• **Your objective**
Every line of the material is to be transcribed verbatim, with images omitted.

• **Records for processing**

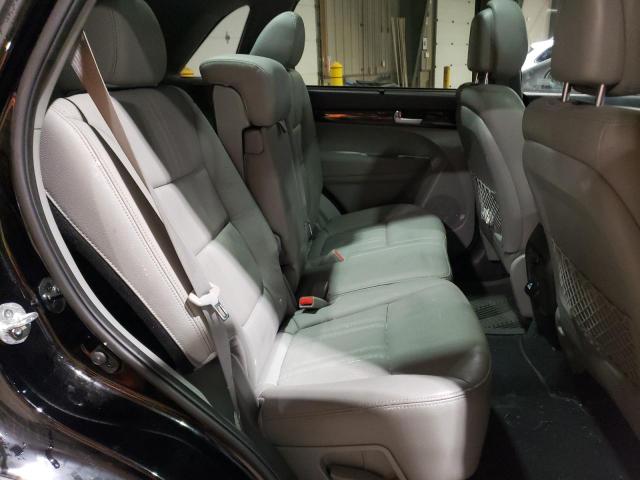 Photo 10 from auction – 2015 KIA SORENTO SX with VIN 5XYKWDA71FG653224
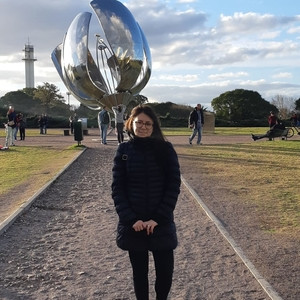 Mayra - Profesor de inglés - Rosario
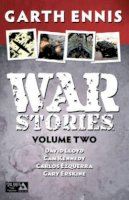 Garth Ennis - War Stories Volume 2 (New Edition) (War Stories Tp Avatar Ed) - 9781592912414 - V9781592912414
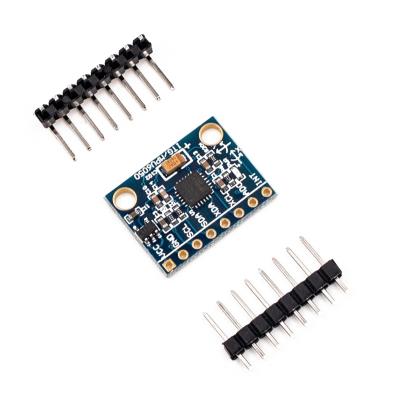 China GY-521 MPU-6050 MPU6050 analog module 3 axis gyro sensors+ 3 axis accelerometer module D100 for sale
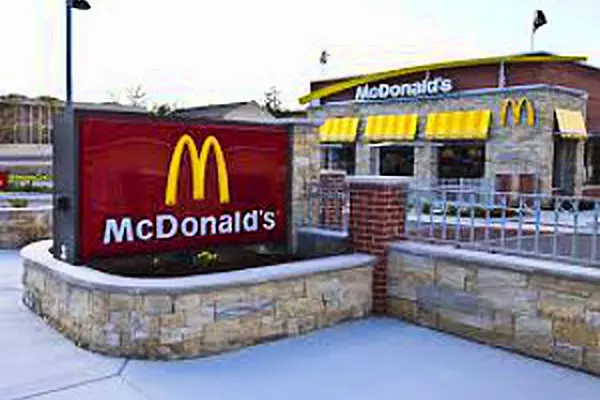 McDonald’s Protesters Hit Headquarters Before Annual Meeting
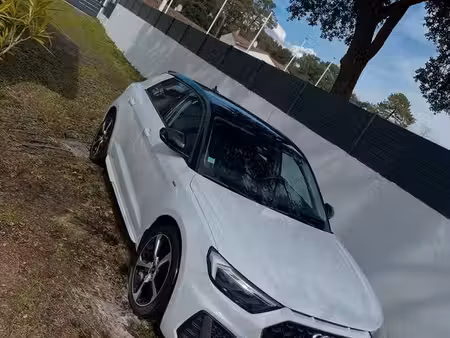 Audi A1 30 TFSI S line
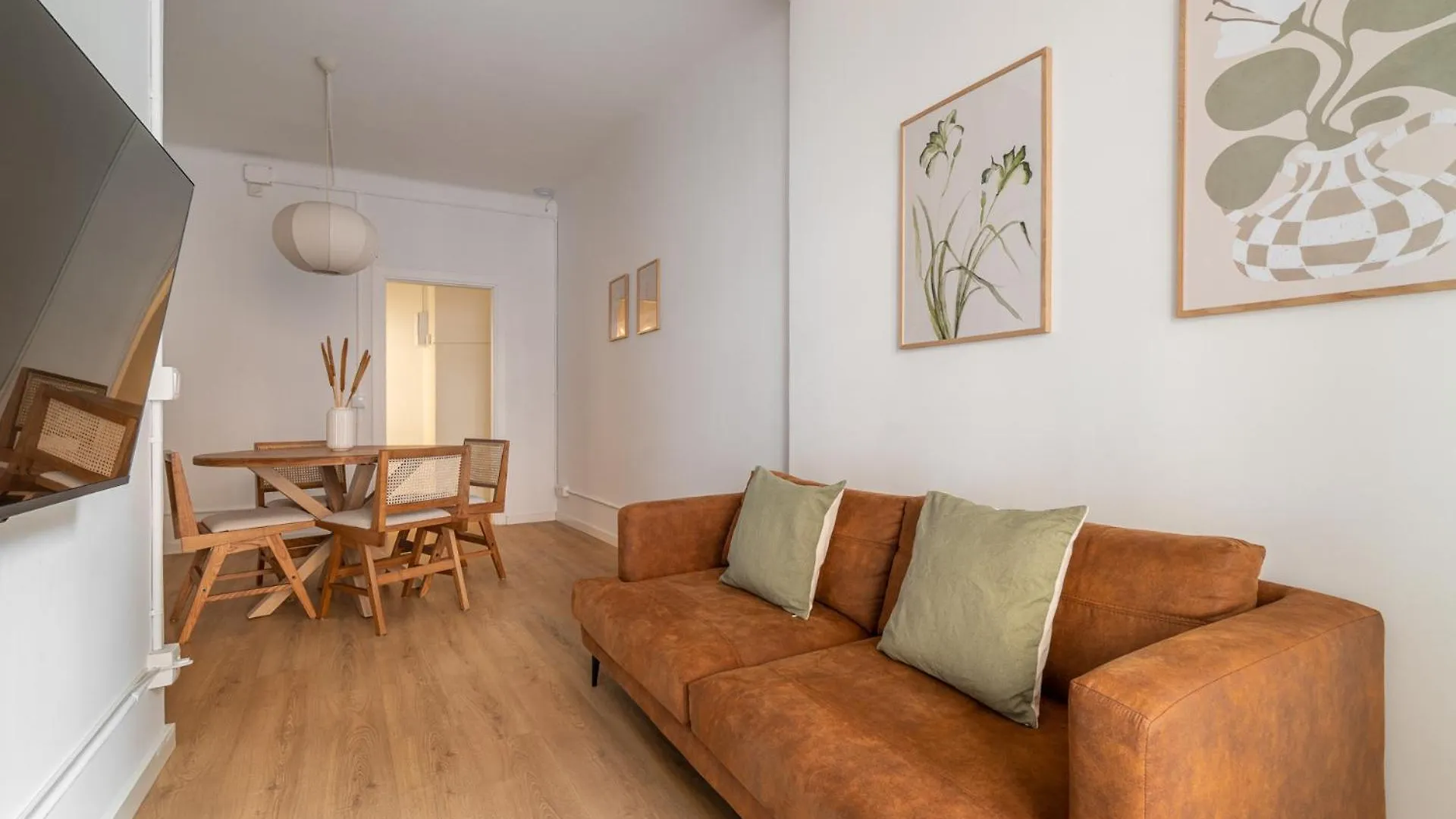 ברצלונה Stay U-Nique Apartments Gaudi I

• **Solution for this exercise**
 Photo 10 from auction – 2015 KIA SORENTO SX with VIN 5XYKWDA71FG653224
 Mayra - Profesor de inglés - Rosario
 Garth Ennis - War Stories Volume 2 (New Edition) (War Stories Tp Avatar Ed) - 9781592912414 - V9781592912414
 China GY-521 MPU-6050 MPU6050 analog module 3 axis gyro sensors+ 3 axis accelerometer module D100 for sale
 McDonald’s Protesters Hit Headquarters Before Annual Meeting
 Audi A1 30 TFSI S line
 ברצלונה Stay U-Nique Apartments Gaudi I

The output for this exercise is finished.